At Yad Mordechai, however, the tent-dwellers say this is not so, that what split the 84 families up was simply different preferences over where they wanted to live.
"There's no bad blood between us," said Barbi, noting that members of all four groups came to Yad Mordechai for a Mimouna celebration.
THE CAMPERS may be living rough, but they're not poor. They've kept the jobs they had when they lived in Elei Sinai and their cars and vans are parked at the edge of the area. The younger kids go to school at Kibbutz Sha'ar Hanegev, the older ones to high school in Ashkelon.
"We've gained weight since we came here," Barbi explained, "because whoever's on cooking detail doesn't want to make a bad impression, so they cook the dishes they do best."
Their schoolmates and workmates often don't know what to make of them - that they go home to tents instead of regular homes.
"They think we don't really sleep here, that it's a show. I tell them, 'Come over any time of the night you want, and you'll see if we sleep here or not," said Aharon Fema, 44, an insurance salesman and David Fema's father.
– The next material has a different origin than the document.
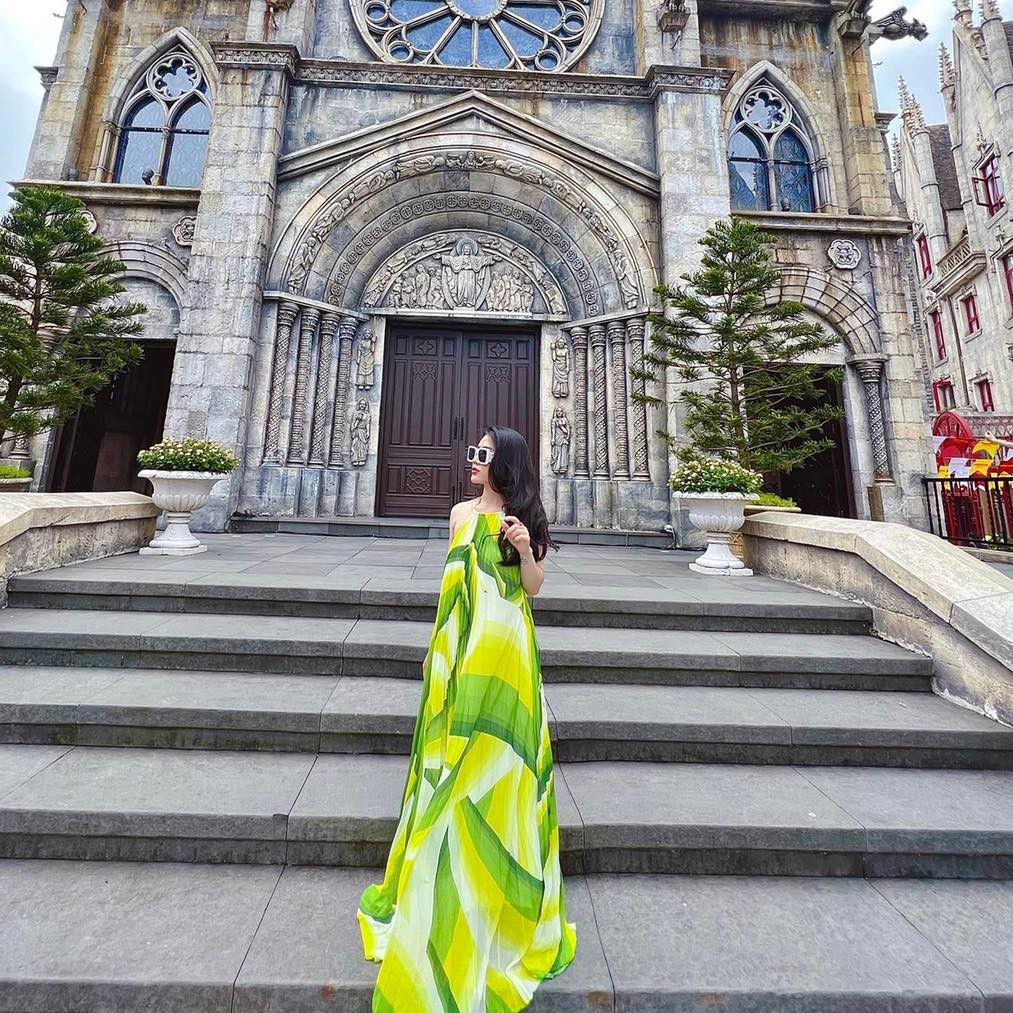 Đầm maxi dập ly cổ yếm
"I have left-wing friends who disagree with the settlements but understand that what we're doing here doesn't have to do with right or left, and I have other friends who tell me, 'Kol hakavod.' But mostly they just seem amazed that we're living like this," said David.
They've had visits from a whole array of politicians, from Labor on the Left to National Union on the Right, and all pledged their sympathy and solidarity, for what it was worth.
I visited a few days into the current conflagration in Gaza. The protesters' views tend to be extremely hawkish.
"They have to erase Beit Hanun," said one of them.
"What is this that they dictate terms to us. They have to know that either they give us back our soldier [Cpt. Gilad Shalit] or we destroy a city of theirs," said another.
"The Chechnyans once kidnapped a Russian diplomat, and the Russians killed the kidnappers' families, and the kidnappers gave back the diplomat," said one other.
They also feel that the center of the country has abandoned not only them, but also the people in Sderot and anybody else near the border.
"People in the center don't know what a Kassam is, what a settlement is, where the border is," said Moshe. "It doesn't affect them so they don't care. The Kassams can hit Sderot, Ashkelon, even Ashdod. They won't start to pay attention until they get to about Rishon."
ON THE SIDE of the walk-in freezer, a pair of large aerial photos of Elei Sinai are tacked up.
"Elei Sinai was the most beautiful place in the country," said Barbi. "For 20 years, I didn't lock my house, I left the keys in my car. People can't understand that."
Since the deal with Palmahim fell through, the tent campers at Yad Mordechai are back in negotiations with Kibbutz Nahsholim, on the beach south of Haifa, to move in with them.
"When they give us something to consider, we'll consider it," said Barbi, by now a seasoned negotiator.
For all the difficulties of living off the edge of a highway, and for all the stark comparison between their home today and their home in Elei Sinai, the people here say there have been benefits as well.
"I've gotten to know people better here than I knew them in 23 years at Elei Sinai," said Moshe. There have been tiny irritations - the noise of someone's TV or radio that keeps the next tent awake, the children running in and out of everyone's midst all the time, the lack of privacy.
"This has brought us closer together. We're here for a common goal," Moshe asserted. "The settlement of Elei Sinai was destroyed, but in the end it's not the walls of the houses that are important, but the community. You can tear down a house and rebuild it anywhere, but you can't do that with a community of people."
Asked if he was optimistic that in the end, this community would stay together in the western Negev with a beach nearby - in a place that at least recalled Elei Sinai - Barbi smiled and replied, "If we didn't believe that, we wouldn't be here."